Acrylamide (Fig. 1) is an industrial chemical monomer which is principally used to synthesize polyacrylamides and their copolymers, which are widely applied to wastewater treatment in the paper and textile industries, as well as to synthesize acrylamide gels for chromatography in biotechnology laboratories [13]. In April 2002, the Swedish National Food Administration [4] and researchers at Stockholm University announced that high acrylamide levels had been found in carbohydrate-rich foodstuffs which had been fried/baked at high temperatures. Subsequent studies have proved that acrylamide was found to occur during the browning process of starchy foodstuffs by the Maillard reaction when the temperature over 120 °C, particularly at 140–180 °C [5, 6]. It has been found in various fried, deep-fried, and oven-baked foods, and higher levels have been found in chips (French fries), crisps and bread, biscuits, crackers, and breakfast cereals [7], which has caused worldwide concerns due to its potential genetoxicity and neurotoxicity [2, 711]. Acrylamide has been classified as a probable human carcinogen by the International Agency for Research on Cancer [12]. Long-term exposure may cause damage to the nervous system in both humans and animals [13, 14]. Therefore, analysis of acrylamide in foods is required for both the accurate risk assessment of the carcinogenic threat it possesses and the quality control by the food industry so as to reduce acrylamide production. The development of an accurate and sensitive method is indispensable.

Fig. 1
figure 1

Chemical structure of acrylamide

A great number of screening methods have been reported to quantitatively analyze acrylamide and its metabolites, such as gas chromatography (GC) with flame ionization or electron capture detectors [1517], liquid chromatography with pulsed amperometric detector (LC-PAD) [18], enzyme-linked immunosorbent assay (ELISA) [19], and capillary electrophoresis (CE) [20]. Among them, chromatography methods lack sensitivity and require a relatively complex sample pretreatment. The ELISA method is fast and inexpensive; however, its sensitivity is lower, and the antibody production is complicated. CE has the merits of high efficiency, fast analysis, and low reagent consumption and has become an effective alternative for the analysis of a great variety of target substances, but its stability is poor. Hitherto, liquid chromatography and gas chromatography coupled to mass spectrometry (LC–MS/MS, GC–MS) appear to be acknowledged as the most useful and authoritative methods for the determination of trace acrylamide [1, 8, 15, 17, 2128]. These methods possess high performance, but require expensive instruments and complicated sample pretreatment procedures. Therefore, efforts should be focused on the development of sensitive and low-cost screening methods that can be easily used by many laboratories [20, 29]. For GC, a tedious procedure of derivatization is usually required, and the high injection temperature may result in acrylamide production, and thus false results are obtained. Compared to GC, LC offers the advantage of being able to analyze acrylamide without derivatization, and the sample treatment is simplified [26]. Furthermore, acrylamide is present in samples at low concentration levels. So, a simple and effective pre-concentration step is needed prior to LC analysis.

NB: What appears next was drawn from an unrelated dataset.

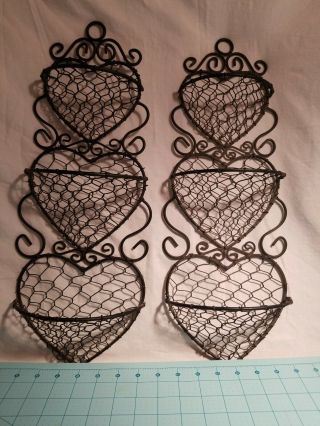 Metal Wall Decor,  Each With 3 Different Sized Heart Shaped Baskets,  Set Of 2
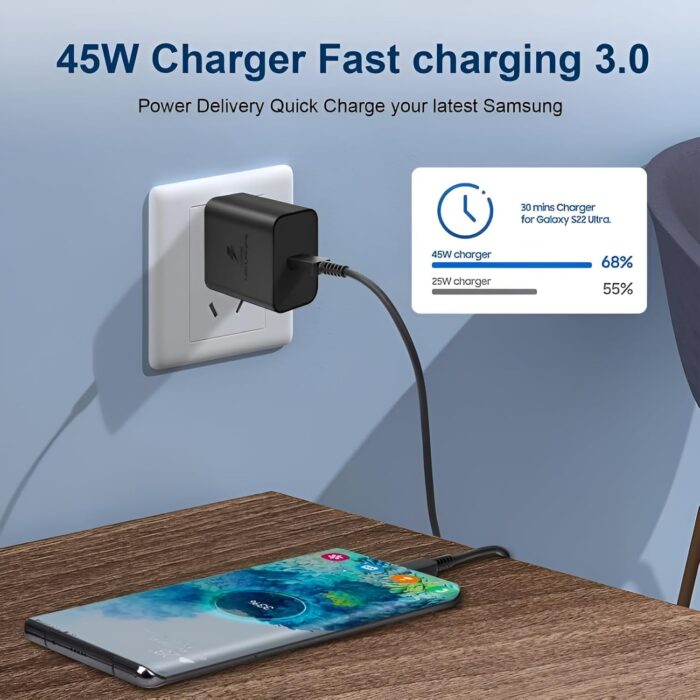 Essri Original 45W Charger Compatible for Samsung S10e, S10, S10+, S20, S20+ (Black New* Model) - Image 6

The methods for extraction of acrylamide include soxhlet extraction [15], liquid–liquid extraction [16, 18], and solid phase extraction (SPE) [23, 27, 28, 30]. Solid phase microextraction (SPME), as a fast and solvent-free technique, has been applied to extract trace acrylamide derivatives from an aqueous matrix [1, 31]; however, its repeatability is not good. SPE is recognized as a very common sample pre-treatment technique for its simple, stable, and easy automation, and has been extensively used to enhance the concentration of acrylamide in sample analysis. SPE coupled with HPLC (SPE–HPLC) is an interesting method for the determination of trace organic compound, which possesses the advantages of both SPE and HPLC [29, 30, 32]. For SPE, the most important effect on the enrichment is by the sorbent. Thus, selection of a SPE sorbent having good performance toward acrylamide is crucial and necessary. Activated silica gel [33], multi-walled carbon nanotubes [34], magnetic chitosan [35], and modified chitosan [36, 37] used as new sorbents have been reported. As far as we know, the adsorption abilities of these materials for extraction of acrylamide have not yet been reported.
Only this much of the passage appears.